A proposito di icone femminili, l’opera a cui è affidata l’immagine della mostra di Palazzo Roverella è il dipinto di Klimt Amiche I (Le sorelle) (1907), un doppio ritratto proveniente dalla Fondazione Klimt di Vienna che nello sviluppo verticale evoca le stampe giapponesi: il dipinto fu esposto alla Biennale di Venezia del 1910, nella mostra personale dell’artista che ne sancì la consacrazione in Italia.

QUANTO ALL’INTERESSE per misticismo, magia ed esoterismo, esplicito nella poetica del cenacolo praghese del gruppo Sursum (veicolato attraverso la rivista Meditace su cui apparvero testi di grandi poeti, scrittori e intellettuali dell’epoca, tra cui Rimbaud, Rielke, Leppin) è un tema assai caro in particolare a Josef Váchal (di cui per la prima volta viene esposta in Italia una così nutrita quantità di opere provenienti per lo più da collezioni pubbliche come il Memoriale della letteratura nazionale di Praga e la Galleria della città di Praga) oltre che a Jan Konupek e Jan Zrzavý. Váchal, considerato l’erede di Bosch e Brueghel, è l’autore delle due interessantissime opere realizzate tra il 1904 e il 1907 a china, acquerello e pastello dal titolo Piano astrale (seduta spiritica) e Piano elementare (Piano delle Passioni e degli Istinti), in cui proietta paure e allucinazioni che tiene a bada attraverso la teosofia e lo spiritismo.
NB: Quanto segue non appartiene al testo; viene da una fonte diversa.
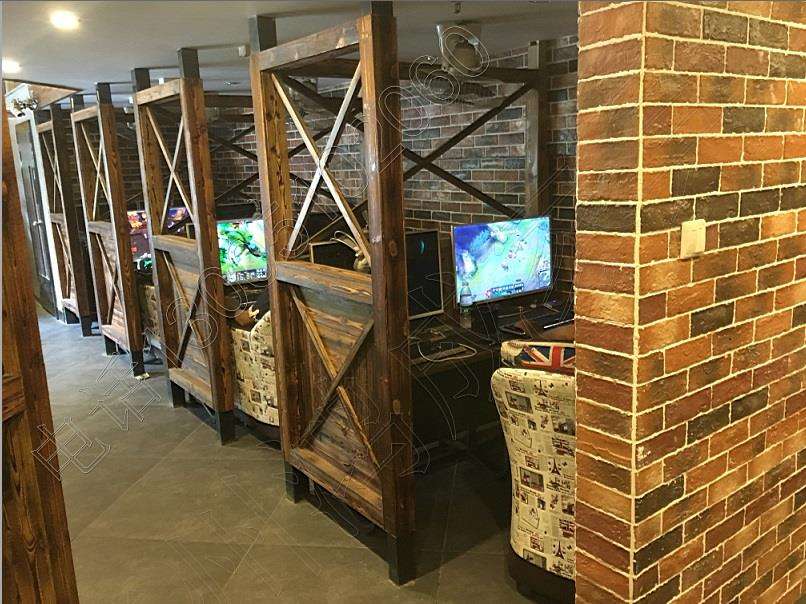 8090才看得懂的网吧,8090后的你们还知道什么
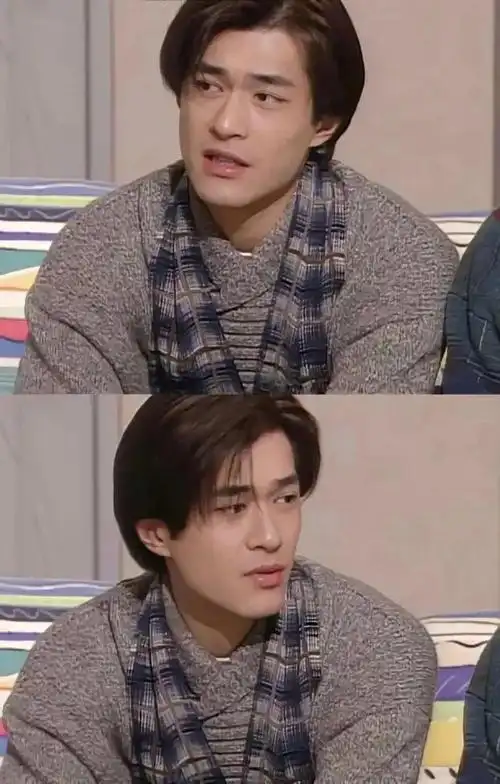 古天乐毁容照曝光18岁坐牢25岁火爆全国如今面目全非骑电动车上班让人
PIÙ ECLETTICO e ingarbugliato appare, infine, il panorama delle correnti secessioniste romane la cui Prima Esposizione Internazionale d’Arte della Secessione è del 1913, seguita da quelle del 1914, 1915 e 1916-17 (documentate dai rispettivi cataloghi), che include opere quali gli Studi per compenetrazione iridescente (Studi per il Manifesto della Secessione) di Giacomo Balla, Grazia Deledda di Plinio Nomellini, La cieca di Lorenzo Viani, Danzatrice Giavanese di Galileo Chini, Ada di Felice Casorati e, unica artista donna presente, Pasquarosa Marcelli Bertoletti con Interno di studio. Figlia di contadini di Anticoli Corrado, Marcelli Bertoletti era stata modella per numerosi artisti tra cui quel Nino Bertoletti che sposò. Cominciò a dipingere da autodidatta intorno al 1913: con cinque dipinti di matrice fauve partecipò alla III Esposizione Internazionale d’arte della Secessione Romana che, proprio in quell’edizione, vedeva una nutrita presenza al femminile che includeva Fillide (Filli) Giorgi Levasti, Leonetta Cecchi Pieraccini, Deiva De Angelis e Maria Grandinetti Mancuso.